If the trial court had fully considered facts contained in the record, it is likely that it would have found that one or more of the appellants, if not all of them, did have knowledge of the co-tenancy. Such a finding would bear directly on the basic elements of adverse possession, such as whether the acts of the appellee were sufficient to put them on notice as to ouster and the hostile nature of the claim, and would clarify the question of laches about which the majority of this Court is concerned. I will deal with the fact situation later.

*134My reluctance to join the majority opinion is also based on what I perceive as an illogical position as to the effect that lack of knowledge by co-tenants as to the existence of the record co-tenancy has on the basic elements of adverse possession. To prove adverse possession and thereby gain ownership of real property one must possess that property in an open, notorious, hostile and continuous manner for, under the statute of this state, a period of fifteen years. When that is done, the law presumes that the possessor has ousted anyone claiming to be the true owner by reason of a record title, however it has come to him. The basis of that presumption is that when the person holding the record title fails to act to protect his interest in the property for the statutory period, he acquiesces in or permits the possession by the claimant to negate his own rights, in other words, he permits himself to be ousted.

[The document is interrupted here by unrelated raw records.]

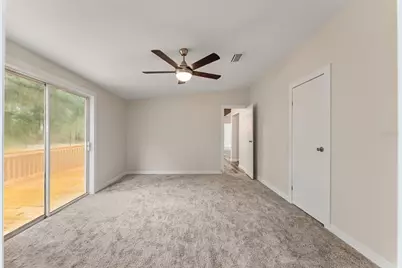 6028 SW 91st Place, Lake Butler, FL 32054 - Photo 23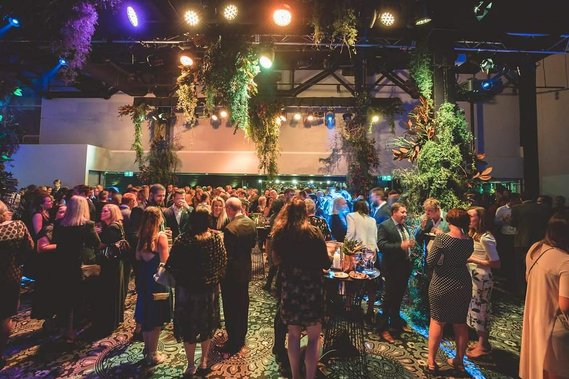 event photographer newcastle
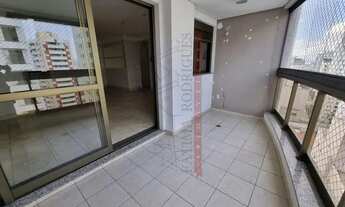 Imagem 7: PERDIZES 75m², andar alto, silencioso,com hall living amplo para 3 ambientes! Varanda e 2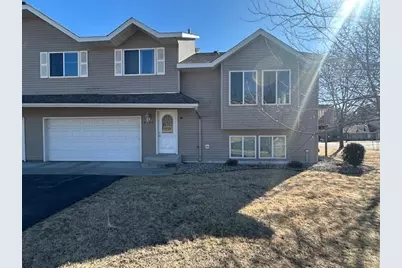 4106 Mallard Place SE, Rochester, MN 55904 - Photo 1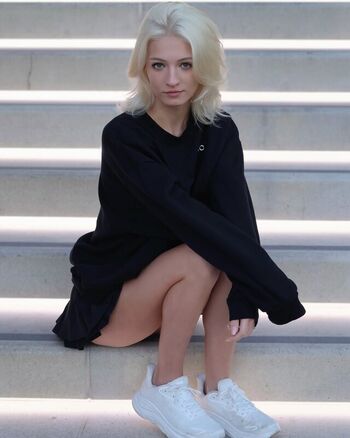 kaylavoid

But this Court has held that when the opposing parties are co-tenants, there is a presumption that the possessor is exercising possession as an incident of the co-tenancy relationship. Moreover, the possessor must overcome that presumption by clear, definite and unequivocal notice to the co-tenant that his possession is “hostile” as that term is used in the law of adverse possession, i.e., that he is claiming a right to the exclusive ownership of the property.

When all of the parties know of the co-tenancy, that rule is at least logical even though it is inconsistent with the basic presumption underlying the doctrine of adverse possession; but when they do not, it is illogical. In the latter situation, the co-tenants not in possession could have no reasonable expectation that they should be treated any differently than members of the general public. Nor is there any reason for the person in possession to expect that he must act any differently toward the co-tenants than toward the general public.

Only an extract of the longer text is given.